Rigging it Right

By Nick Curcione


Luck plays a part in practically everything we do even with our leisure time pursuits and fishing is no exception. Eventually however, blind luck becomes less of a factor and over time it is the knowledgeable angler who constantly experiences the most consistent success.

In fly- fishing, minimizing the luck factor is a two- step process. First, you have to choose a tackle combination that is appropriate for the conditions you are facing. Secondly, you have to know how to rig your tackle. These steps may become complicated because in the outdoors conditions can change very rapidly. But the proficient angler is the one who can readily adapt to the conditions at hand.

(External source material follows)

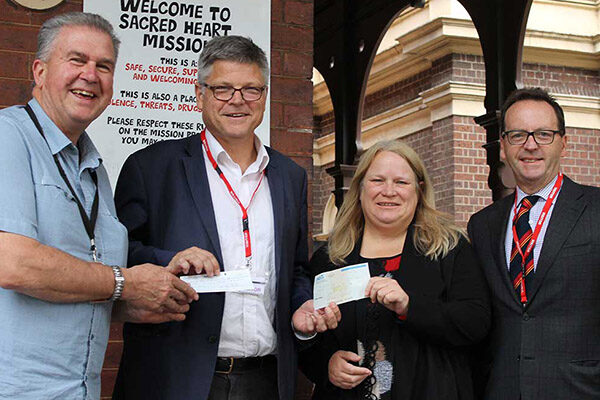 greg-barns-donation Cathy Humphrey and Father John accepting a donation from Greg Barns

The one tackle component that garners the most attention from fly fishers is the fly rod. Mistakenly however, many anglers base their rod selection almost exclusively on the relative size of the species they are targeting. But equally important is the nature of the fly pattern you plan to present to the fish as well as the conditions you will be fishing in. The same fish may require different line and rod combinations based on prevailing conditions and changing fly patterns. For example, a 6-weight rod might be suitable on a bonefish flat early in the morning when conditions are calm, but later in the day if the wind begins to blow you may have to step up to an 8 or 9-weight. When fishing from a boat, adjustments like these should not present a major problem because you can generally have more than one outfit onboard. However, the angler on foot doesn’t have it quite so easy. Carrying multiple outfits or even extra reels or spools is generally not an option. But the appropriate choice of fly lines can go a long way in enabling you to adapt to changing conditions.